Exercise description → Retype, without changes, every line from the line that contains "Aux Maldives, les" through the final line of the records. Exclude pictures.

Study material →
══════════

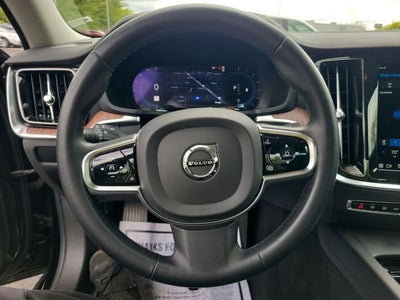 2024 Volvo S60 B5 Plus Dark Theme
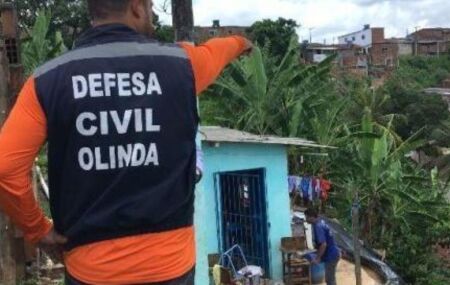 Olinda ultrapassa 120 mm de chuva em 12 horas e entra em estado de alerta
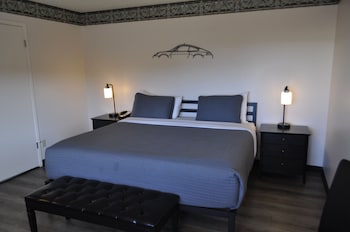Standard Room, 1 King Bed, Non Smoking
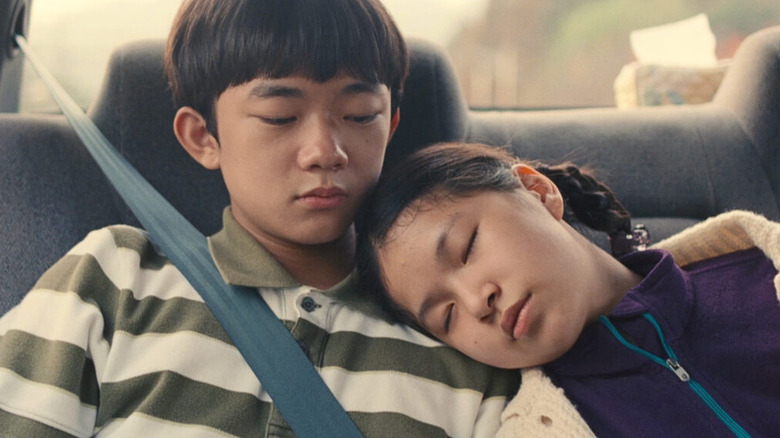 Hae Sung and Nora as kids riding in a car in Past Lives (2023)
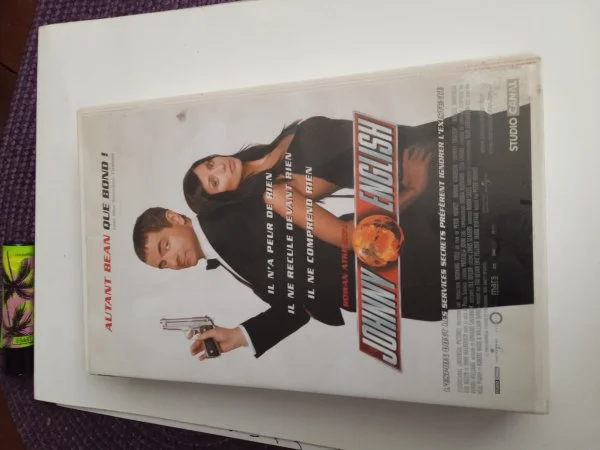 Vhs "johnny english " - CD, DVD & Vinyles - Saint-Satur (18300)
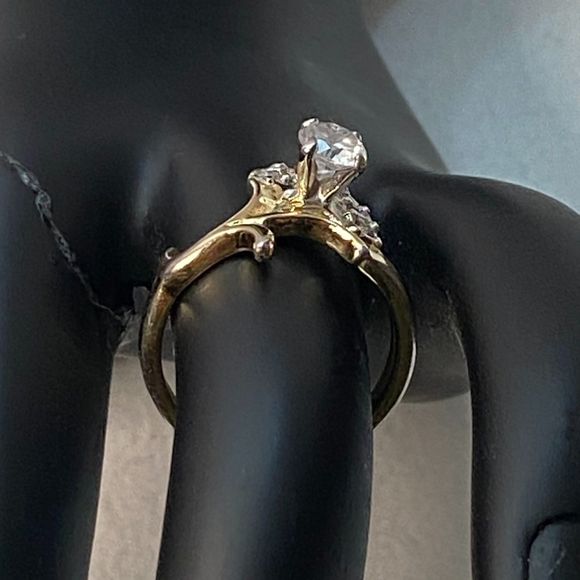 Fan Shaped Rhinestones Ring Encircling Round Faux Diamond Gold Tone Metal - Picture 3 of 9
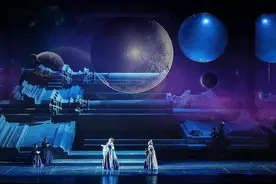 传世经典碰撞超现实舞台，国家大剧院版《游吟诗人》时隔六年再上演图片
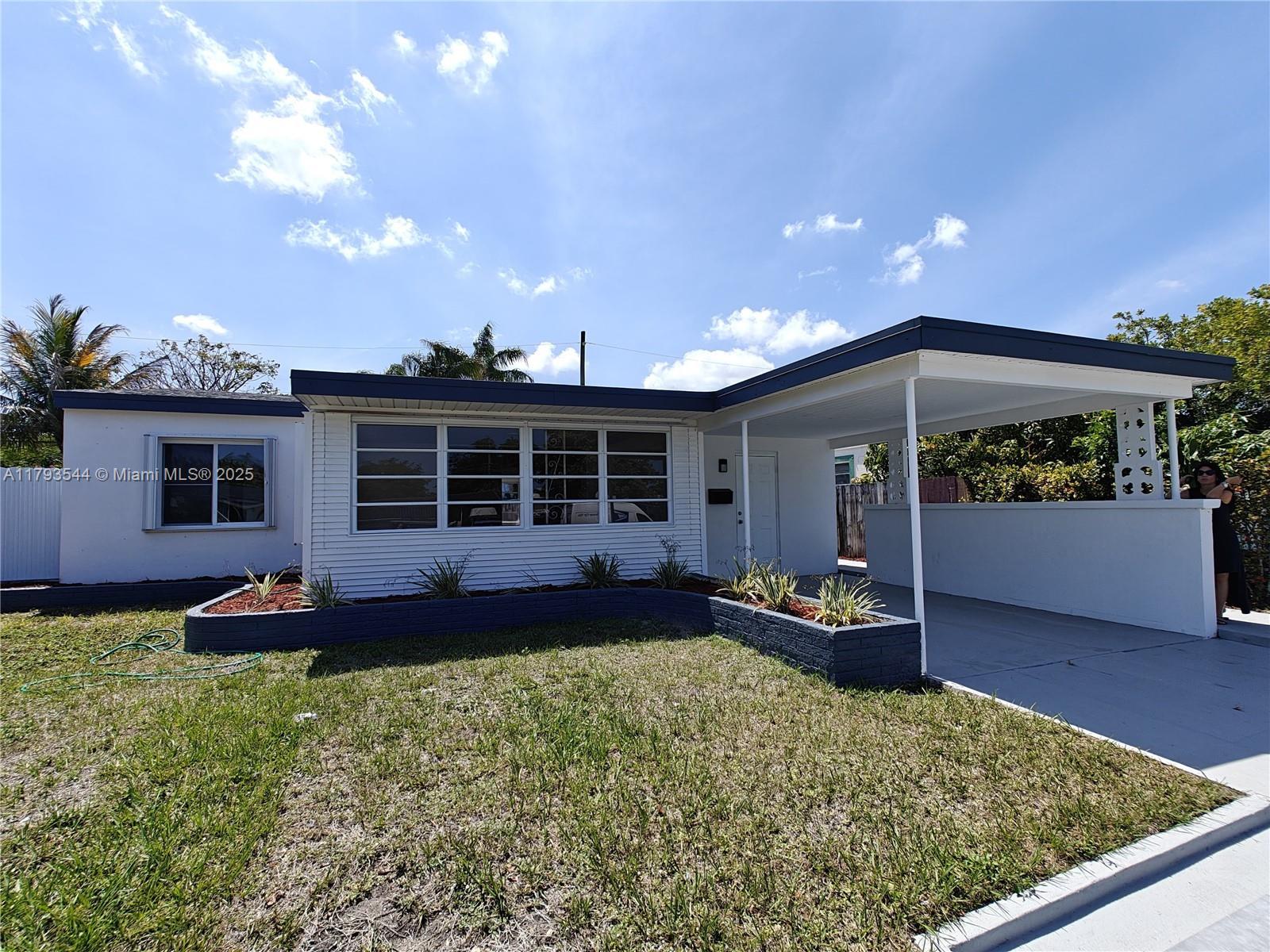 Picture of 5373 NE 3Rd Ter, Oakland Park, FL 33334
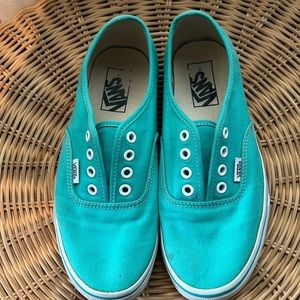 Vans women’s size 7, men’s size 5.5 Teal color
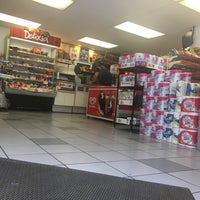 Photo taken at OXXO by Luis R. on 5/11/2018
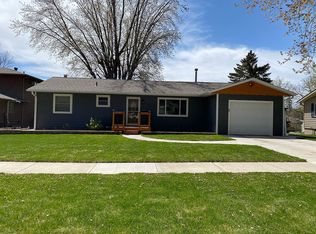 821 NE 6th St, Madison, SD 57042
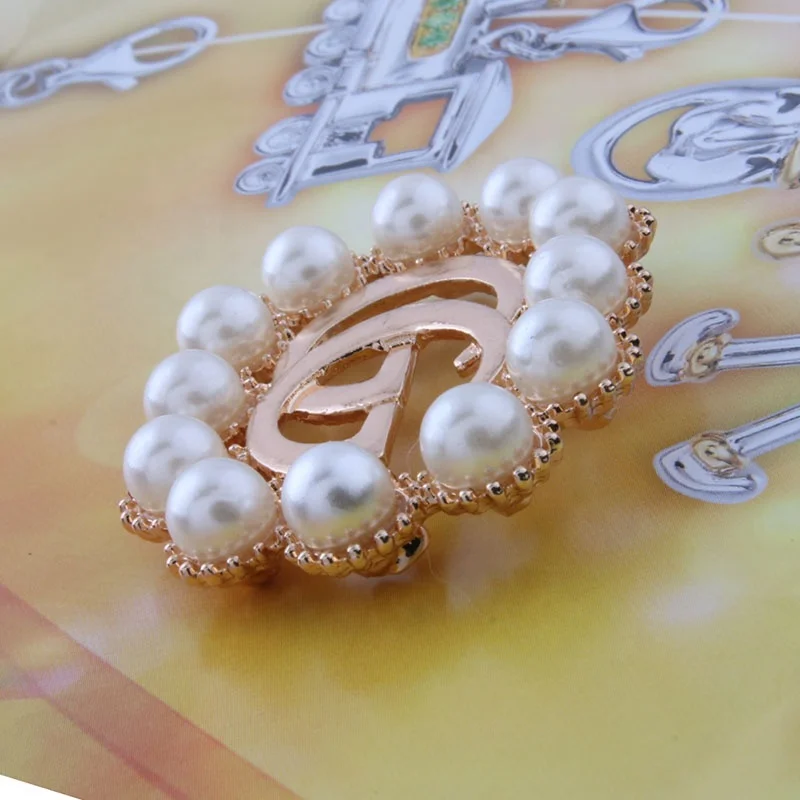 New women's brooch alloy 63-93 Brochespin rhinestone accessories with decorative buckle needle pearl brooch gift, Pink
New women's brooch alloy 63-93 Brochespin rhinestone accessories with decorative buckle needle pearl brooch gift, Pink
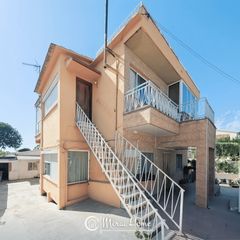 Chalet in Parets del Vallès. De 294 m² con 3 zonas de vivienda, 8 habitaciones y 32 placas so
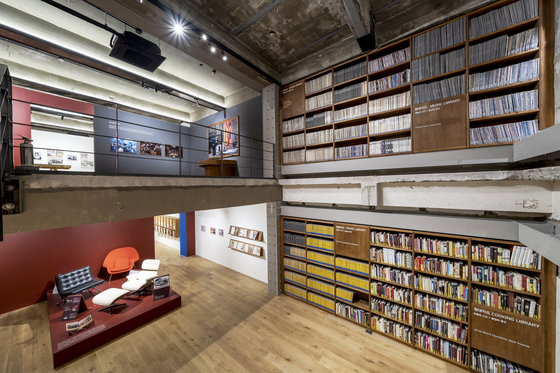 Bookshelves filled with magazines at "The Issue: Hyundai Card Library Magazine Collection through the Ages” exhibition at the Storage by Hyundai Card in Hannam-dong, central Seoul. [STORAGE BY HYUNDAI CARD]
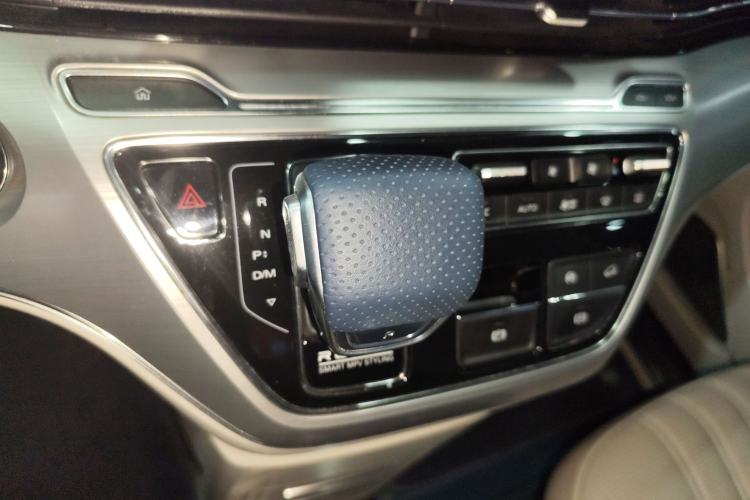 Used Roewe iMAX8 2021 400TGI Supreme Series Prestige Edition
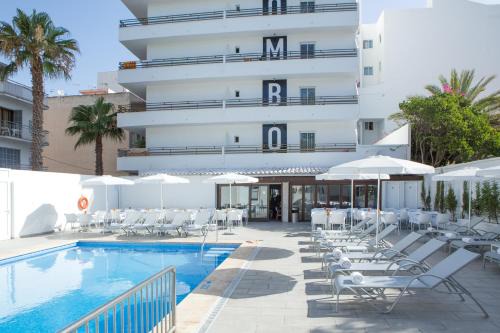 S'Illot-Cala Morlanda Hotel | Relax at Mix Colombo with Oceanfront Views & Pool Access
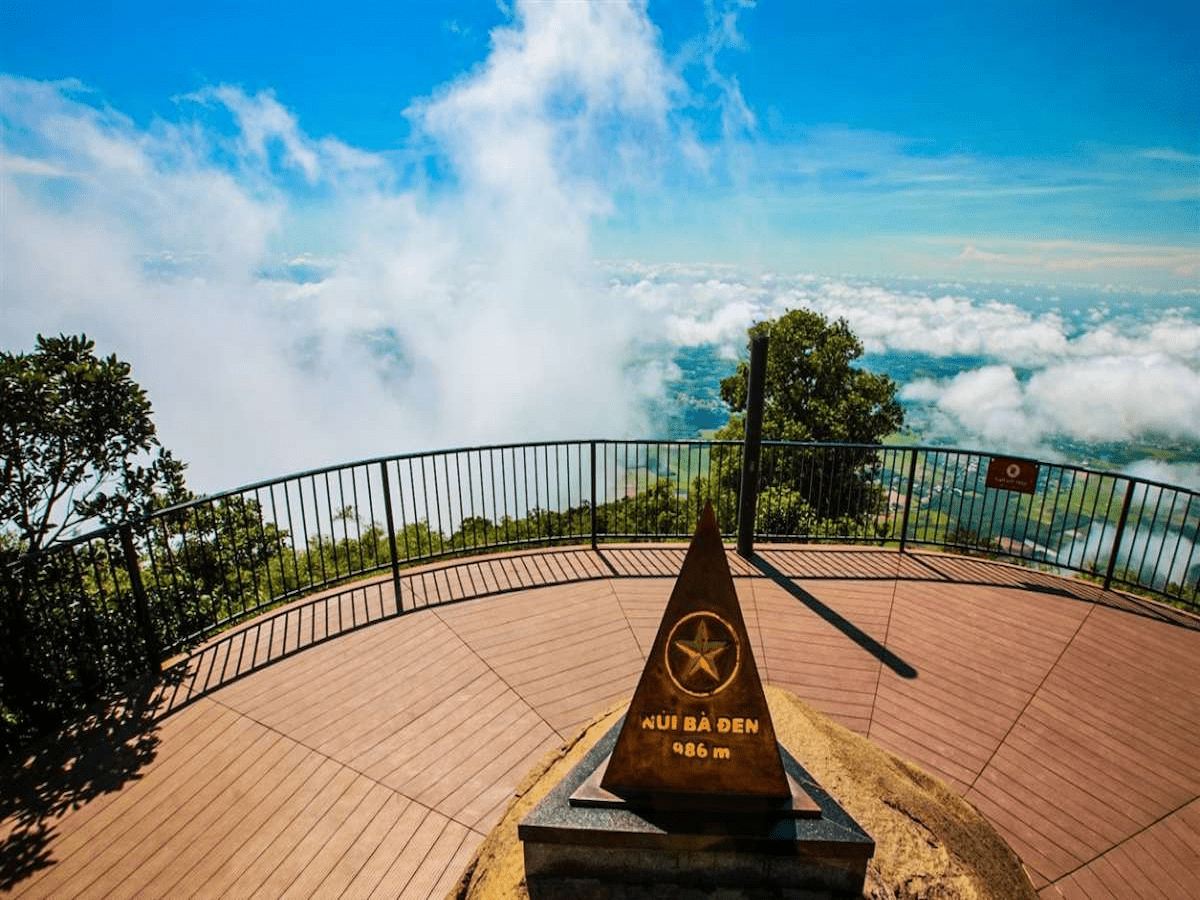 ve-tham-quan-nui-ba-den-kinh-nghiem-du-lich-ve-cap-treo-phan-van-travel-6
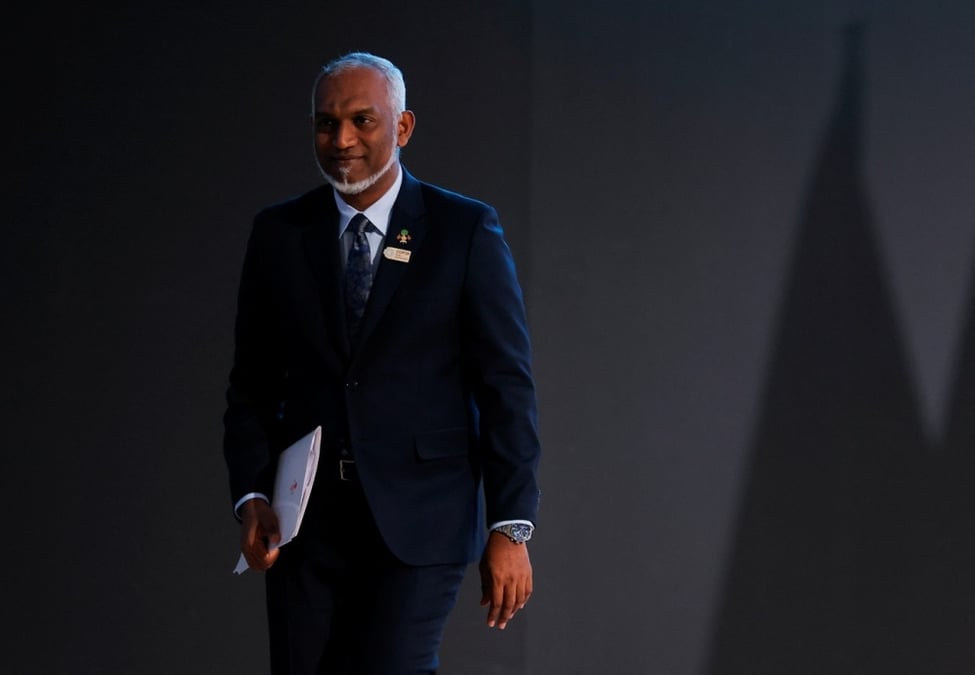 Aux Maldives, les électeurs ont rejeté à 68,7 % le projet de fusion des scrutins présidentiel et législatif porté par le président Mohamed Muizzu.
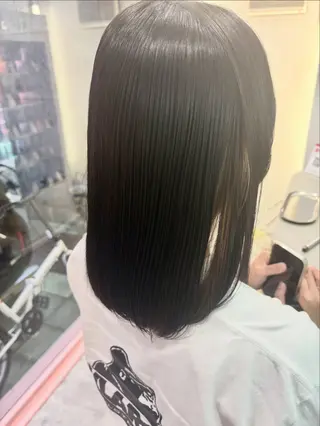 ミディアム カラー ヨ ネのヘアスタイル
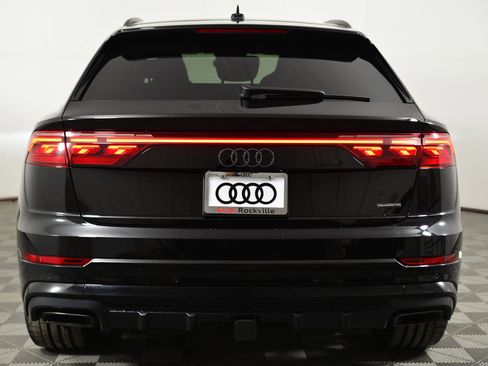 New 2026 Audi Q8 Prestige image 8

══════════

Response below →
 Aux Maldives, les électeurs ont rejeté à 68,7 % le projet de fusion des scrutins présidentiel et législatif porté par le président Mohamed Muizzu.
 ミディアム カラー ヨ ネのヘアスタイル
 New 2026 Audi Q8 Prestige image 8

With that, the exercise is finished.